Your goal >>
From the data below, set down exactly the lines between the one holding "Lot de 30 galets" and the one holding "1manteau - Dessin", inclusive, and no others.

Records contained in a dataset >>
Segment Open

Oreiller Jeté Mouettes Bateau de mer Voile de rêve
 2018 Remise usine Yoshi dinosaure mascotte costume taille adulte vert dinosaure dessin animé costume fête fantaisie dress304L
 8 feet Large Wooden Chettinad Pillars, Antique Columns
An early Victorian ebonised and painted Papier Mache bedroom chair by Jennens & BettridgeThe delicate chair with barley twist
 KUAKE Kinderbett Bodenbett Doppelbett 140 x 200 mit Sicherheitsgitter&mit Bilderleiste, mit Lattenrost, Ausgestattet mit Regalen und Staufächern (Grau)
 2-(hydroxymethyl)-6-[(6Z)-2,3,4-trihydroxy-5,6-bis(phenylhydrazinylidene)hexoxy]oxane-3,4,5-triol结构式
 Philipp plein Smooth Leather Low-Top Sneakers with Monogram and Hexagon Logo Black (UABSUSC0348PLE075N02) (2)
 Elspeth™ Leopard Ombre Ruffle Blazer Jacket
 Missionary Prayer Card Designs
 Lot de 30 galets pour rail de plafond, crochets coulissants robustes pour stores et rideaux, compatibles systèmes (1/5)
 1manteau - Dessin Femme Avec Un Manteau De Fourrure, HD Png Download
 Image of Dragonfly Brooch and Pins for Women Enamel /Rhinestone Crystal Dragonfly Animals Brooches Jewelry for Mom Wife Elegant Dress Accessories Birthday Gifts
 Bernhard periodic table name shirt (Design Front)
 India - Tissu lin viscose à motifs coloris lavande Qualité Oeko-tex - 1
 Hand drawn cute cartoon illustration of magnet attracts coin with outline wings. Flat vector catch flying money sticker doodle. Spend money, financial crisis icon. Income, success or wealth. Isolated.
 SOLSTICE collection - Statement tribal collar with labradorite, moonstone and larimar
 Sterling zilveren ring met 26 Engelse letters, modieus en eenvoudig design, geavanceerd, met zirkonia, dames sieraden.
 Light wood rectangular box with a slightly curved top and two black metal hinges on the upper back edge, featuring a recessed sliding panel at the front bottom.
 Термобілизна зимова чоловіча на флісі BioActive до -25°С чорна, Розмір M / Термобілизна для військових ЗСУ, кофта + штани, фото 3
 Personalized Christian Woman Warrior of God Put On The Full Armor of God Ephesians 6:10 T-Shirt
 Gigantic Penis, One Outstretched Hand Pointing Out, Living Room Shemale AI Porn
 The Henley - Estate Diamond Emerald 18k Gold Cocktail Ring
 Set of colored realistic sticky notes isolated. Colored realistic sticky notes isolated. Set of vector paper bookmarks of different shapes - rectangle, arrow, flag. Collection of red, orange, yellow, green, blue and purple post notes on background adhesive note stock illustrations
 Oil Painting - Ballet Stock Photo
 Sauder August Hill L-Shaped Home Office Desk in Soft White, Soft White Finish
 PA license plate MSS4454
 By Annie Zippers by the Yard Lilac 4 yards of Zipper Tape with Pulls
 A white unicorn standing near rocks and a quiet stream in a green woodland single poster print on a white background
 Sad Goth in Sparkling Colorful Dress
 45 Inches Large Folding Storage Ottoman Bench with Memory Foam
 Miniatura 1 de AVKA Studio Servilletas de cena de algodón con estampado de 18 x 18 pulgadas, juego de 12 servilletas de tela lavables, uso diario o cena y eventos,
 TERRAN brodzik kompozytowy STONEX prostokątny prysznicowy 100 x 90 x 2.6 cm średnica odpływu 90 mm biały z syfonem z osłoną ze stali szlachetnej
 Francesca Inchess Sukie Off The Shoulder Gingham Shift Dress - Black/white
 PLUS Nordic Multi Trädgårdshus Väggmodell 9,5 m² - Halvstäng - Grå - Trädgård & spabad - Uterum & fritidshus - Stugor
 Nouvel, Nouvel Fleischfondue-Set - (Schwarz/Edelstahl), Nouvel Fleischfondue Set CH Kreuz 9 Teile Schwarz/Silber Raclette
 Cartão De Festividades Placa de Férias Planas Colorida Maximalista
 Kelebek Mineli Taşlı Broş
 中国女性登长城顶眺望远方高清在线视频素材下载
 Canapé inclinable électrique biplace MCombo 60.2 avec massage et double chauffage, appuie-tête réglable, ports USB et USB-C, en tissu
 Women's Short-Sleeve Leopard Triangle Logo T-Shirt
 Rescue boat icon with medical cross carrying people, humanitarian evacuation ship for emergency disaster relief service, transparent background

Segment Closed

Task answer >>
 Lot de 30 galets pour rail de plafond, crochets coulissants robustes pour stores et rideaux, compatibles systèmes (1/5)
 1manteau - Dessin Femme Avec Un Manteau De Fourrure, HD Png Download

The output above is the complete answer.